La primera vía es muy clara desde el punto de vista argumental: el Popular estaba mucho más enfermo de lo que admitía y faltó a su obligación de informar al mercado de su situación real. Si lo anterior puede demostrarse como cierto, la ampliación de capital realizada en junio del 2016, en la que el banco captó 2.500 millones de euros –buena parte de ellos, entre los propios clientes y empleados–, podría ser fraudulenta. En ese caso, el Santander, como propietario actual del Popular, tendría que hacerse cargo de las devoluciones de las cantidades aportadas por cada inversor, más los intereses legales, y los exgestores del banco, junto con el auditor PwC, podrían afrontar también responsabilidades civiles o penales.

Entre los grupos de accionistas que seguirán esta estrategia se encuentra Félix Revuelta, fundador de Naturhouse, que ha perdido unos 45 millones con el Popular. Revuelta ya pidió en la junta de accionistas del banco del pasado febrero que los minoritarios se agruparan para defender sus intereses. En las semanas siguientes creó una plataforma y ahora quiere plantar batalla.
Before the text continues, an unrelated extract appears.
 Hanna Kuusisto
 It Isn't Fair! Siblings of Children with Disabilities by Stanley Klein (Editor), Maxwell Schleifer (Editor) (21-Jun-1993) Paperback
“Tenemos unos 1.600 accionistas, muchos de ellos con paquetes muy pequeños, y también algunos inversores, como la familia chilena Luksic o la mexicana Del Valle”, dice el empresario. “Aún estamos evaluando lo ocurrido, pero entendemos que el Santander tendrá que negociar una compensación porque la ampliación de capital no se hizo bien”, añade. Por último, Revuelta apunta hacia el consejo del banco y la CNMV por lo ocurrido con la acción de la entidad en las últimas semanas, “con una manipulación evidente del valor y asimetría en la información”.

El segundo gran frente judicial afectaría al BCE, la Junta Única de Resolución y el Fondo de Reestructuración Ordenada Bancaria (FROB). Los abogados que han visto supuestas irregularidades en la gestión de la crisis del Popular sostienen que el banco no era inviable ni, mucho menos, tenía un valor negativo de entre 2.000 y 8.200 millones como aseguró el misterioso informe –que no es público– del asesor independiente contratado para realizar una valoración del banco en sólo 48 horas.

En contraste con lo anterior, no falta quienes han aplaudido la operación, como el FMI o José Ignacio Goirigolzarri, presidente de Bankia. También el mercado, que desde el momento de la adjudicación del Popular por un euro ha premiado al Santander con una revalorización del 5,5% en bolsa. En el plano político, como siempre, hay disparidad de opiniones. Luis de Guindos, ministro de Economía, Industria y Competitividad, anunció ayer que comparecerá el lunes en la Comisión de Economía del Congreso para explicar la operación. La tesis del Gobierno es que la gestión de la crisis, aunque dolorosa para los accionistas, ha sido impecable y se ha logrado resolver sin hacer pagar a los contribuyentes.